Honestly, it is not the best approach as Layer-1 has many roles in the same time. However, it is an example from my personal lab, and I’m the only person manages this setup so we can consider it manageable. The main reason we use layers is to simplify our life. Layers design is not a dogma, and you need to find a balance between amount of layers and complexity of data you pass from layer to another. As layers applied one-by-one, many layers will slow down the pipeline even if each layer works faster.
I use monorepo in this example, with all code placed in the same place. However, it is up to you to split it to multiple repositories. Here’s an example repository structure:
.
└── layer-0-project
└── layer-1-cloud
├── layer-2-front
└── layer-2-k8s
This file structure simplifies CI/CD configuration because we need to keep pipeline dependencies in mind. It also looks more observable as for me. We create EntraID OAuth applications in layer 1 and need to pass them “downstream”. We’ll do it with output:
locals {
[...]
entra_out = { for k, v in local.entra_config : k => {
"root" : v.root,
"group_id" : azuread_group.entra_group[k].object_id
"application_id" : module.entra_app[k].application_id
"client_secret" : module.entra_app[k].client_secret
"tenant_id" : module.entra_app[k].tenant_id
} }
}
output "entra_config" {
value = local.entra_out
sensitive = true
}
On the layer 2 we can receive this data using remote_state:
data "terraform_remote_state" "layer1" {
backend = "azurerm"
config = {
resource_group_name = var.tf_group_name
storage_account_name = var.tf_sa_ro
subscription_id = var.subscription_id
container_name = var.container
key = "layer1.tfstate" # state file name, same as on layer1
}
}
# now we're passing the data to K8s secret
resource "kubernetes_secret_v1" "grafana-oauth2" {
metadata {
name = "auth-generic-oauth-secret"
namespace = kubernetes_namespace_v1.gafana.metadata[0].name
}
wait_for_service_account_token = false
data = {
"client_id" = data.terraform_remote_state.layer0.outputs.entra_config["grafana"].application_id
"client_secret" = data.terraform_remote_state.layer0.outputs.entra_config["grafana"].client_secret
"tenant_id" = data.terraform_remote_state.layer0.outputs.entra_config["grafana"].tenant_id
}
}
In this example, we pass the data from Azure to Kubernetes without direct interaction with Azure. Layer-0 and Layer-1 doesn’t have access to Kubernetes cluster and Layer-2 doesn’t have access to Azure. Also, Layer-2 can’t pass data upstream or change anything in the state file of upstream layers. This makes upstream layers durable even in catastrophic failures on layer-2 level. It is a greatly simplified example. However, it illustrates the approach.

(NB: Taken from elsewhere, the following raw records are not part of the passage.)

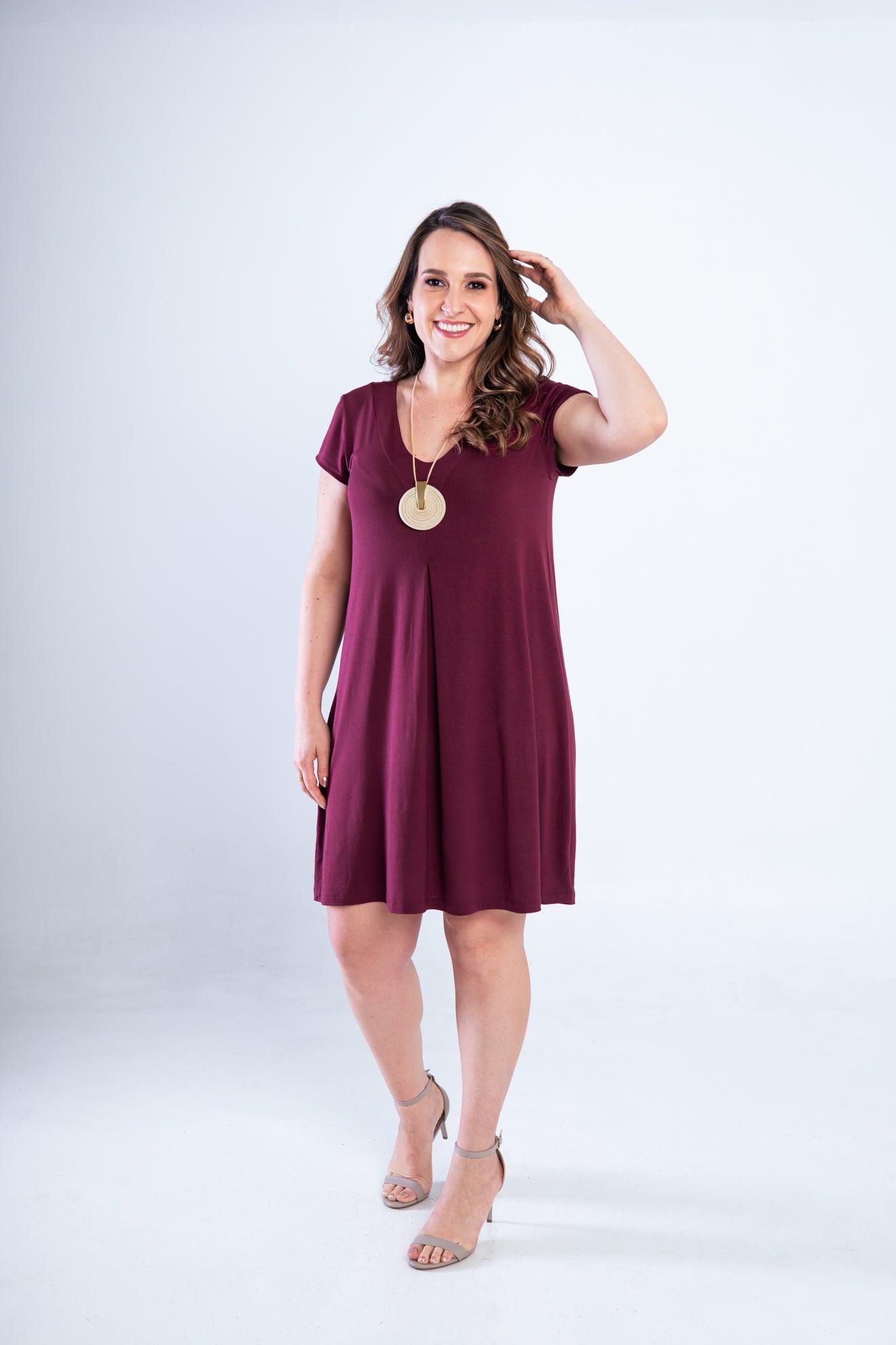 Vestido Laura - Evasê Decote V em Viscolycra - Bazar Online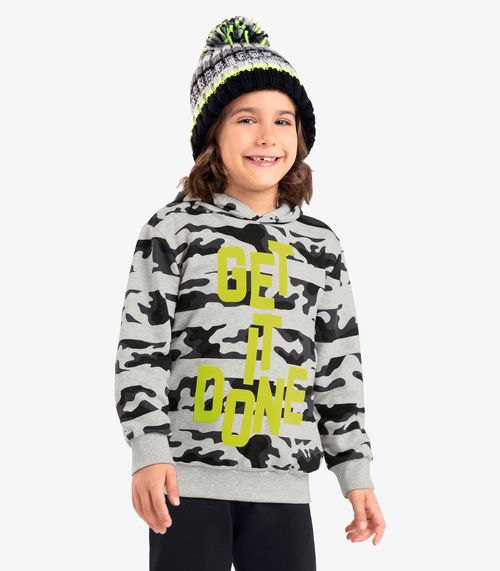 Blusão Infantil Masculino Com Capuz Rovi Kids Cinza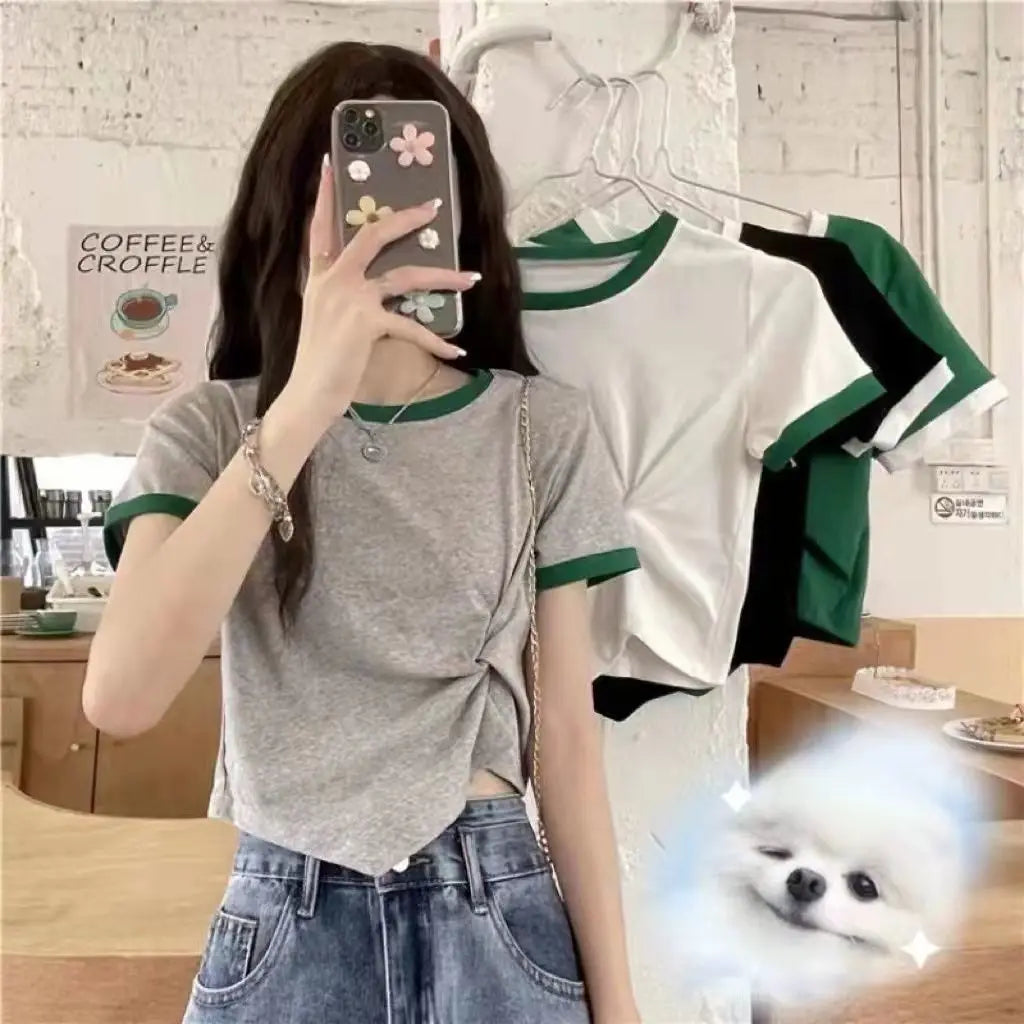 Women's Tops Trendy French Niche Girls T-shirts Chic Irregular Splicing Contrasting Colors Korean Style Modification Ins Style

Here’s a bit more complicated setup:
.
└── layer_0_project
├── layer_1_gke
│ ├── layer_2_extdns
│ ├── layer_2_observability
│ └── layer_2_smesh
│ └── layer_3_vault
└── layer_1_storage
In this example we have Layer-0 on the enterprise level, layer-1 on a project level and layer-2 on a subsystem level. Going down with layers, you narrow the scope of your code and keep it manageable. The design of layers defines a dependency graph of resources between layers.
#
Outcome
Layers approach in terraform helps to simplify code and improve security and resiliency of the code. Each layer consumes less resources in comparison to large monorepo. Separated layers are safer and more secure: your code isolated by a role and scope of the layer. It improves development experience. Each layer may be developed independently, you only need to care about data format in outputs. It also improves security as you can specify permissions required for a specific layer and avoid over-provisioned credentials, very common in IAC setups. The main disadvantage of layered approach is to how to design code accordingly. Layered approach also affects on pipeline runtime as each layer takes more time to run: it is a full-sized terraform run with modules and providers installation, plan and apply. Well-organised code is a subtle balance between complexity and functionality of the code on each layer and amounts of layers you have.